Talvez nem toda a gente escrevesse ao Almirante, como diria Gabo, mas certamente que toda a gente queria apertar os ossos ao Almirante, como diz o povo. Almirante Carlos Viegas Gago Coutinho, ou só Gago Coutinho, que dá mais jeito. O homem que, com Sacadura Cabral, efectuou a primeira travessia aérea do Atlântico Sul, em 1922. Já lá iam quatro anos, mas nada lhe abalava o prestígio. Nesse mês de Abril de 1926, estava em Espanha, como enviado especial do governo português. Em Huelva e em Sevilha foi recebido com a pompa e a circunstância de um verdadeiro herói. Por cá, como sempre, a imprensa lambia o próprio pêlo de orgulho, como um cachorrinho bem comportado: ter um compatriota a ser ovacionado pelas ruas das cidades espanholas era do quilé. “O sábio e simpático Gago Coutinho tornou-se, em Espanha, uma figura popular. As manifestações de que foi alvo tiveram a chancela oficial muito acima da habitual frieza protocolar, como o caracter sincero e atraente das multidões!” Assim, sim, portuguesinho valente a ser aplaudido pelos vizinhos do lado sempre dispostos a dedicar-nos o menoscabo.
Contava-se o episódio desvanecedor: um alemão, acabado de aterrar em Sevilha, ficou boquiaberto com tanta gente na rua, em romaria. E perguntou, inocente: “Mas quem é este homem, alvo de singulares ovações em toda a parte, na rua e nas salas?” Não sabia o ignorante teutónico que não se tratava de um espanhol, como ele julgava, mas sim de um português de peito enfunado como vela de galeão, como o Raposão do divino Eça na Terra Santa em busca de relíquias para a horrenda Titi.
Momento alto
Recebido a bordo do couraçado Catalunha pelo próprio monarca espanhol, Afonso XIII, Gago Coutinho, no seu estilo tímido, não quis tomar a frente da fileira quando por este passou, apitando, o Buenos Aires.

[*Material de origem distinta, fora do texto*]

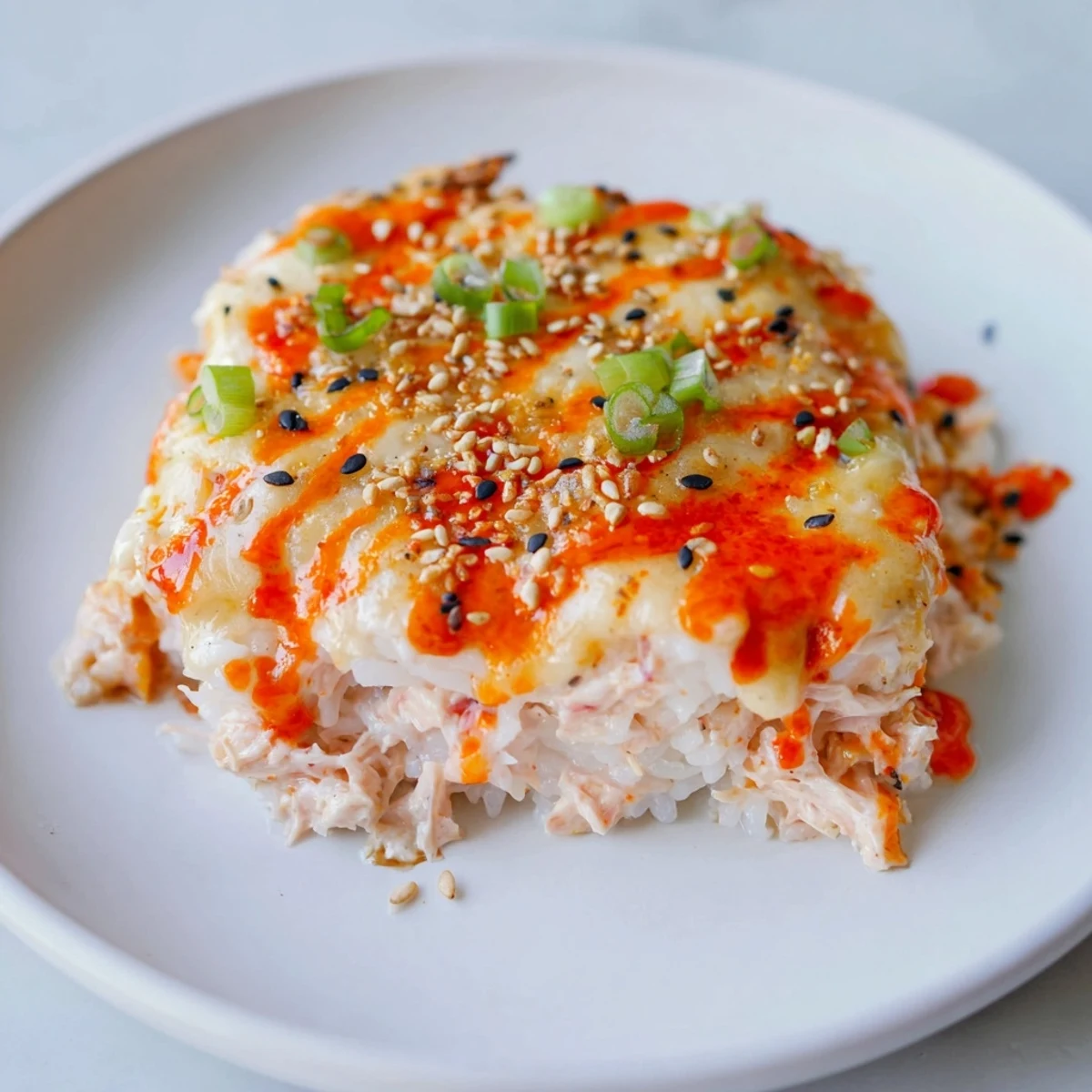 Creamy Salmon Sushi Bake topped with melted cheese, glistening and ready to serve with nori.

Na coberta de um e de outro navio, altos dignitários, tilintando de medalhas, saudavam-se galhardamente uns aos outros. Notando a delicadeza do Almirante, o Rei foi pessoalmente à sua procura pelo meio de todos os oficiais que o rodeavam e solicitou-lhe que permanecesse sempre a seu lado, de forma a que todos pudessem homenageá-lo como merecia, e certamente merecia bem mais do que a maioria dos bem-fardados que quase abafavam a sua figura de especto frágil. Gago Coutinho ficou particularmente tocado por esta real amabilidade e viria a expressá-lo no regresso a Lisboa.
Os jornalistas nacionais que acompanhavam a viagem deliraram: “Cá em baixo, os embaixadores, os ministros, sabiam que os dois homens tinham, nesse momento, as honras do navio – o rei espanhol e o navegador português. Esta gentileza tradicional do monarca foi correspondida sempre pela multidão. Gago Coutinho chegou a ser alvo de manifestações que fariam supor a um estrangeiro (e provavelmente ao tal alemão, digo eu), fora das realidades, que ele também fizera, ao lado de Francisco Franco, acabado de ser promovido a general, a travessia do Atlântico com os bravos aviadores espanhóis que, nesse dia, regressaram a casa. E não podia haver nisto tudo preparação ou simples deferência”.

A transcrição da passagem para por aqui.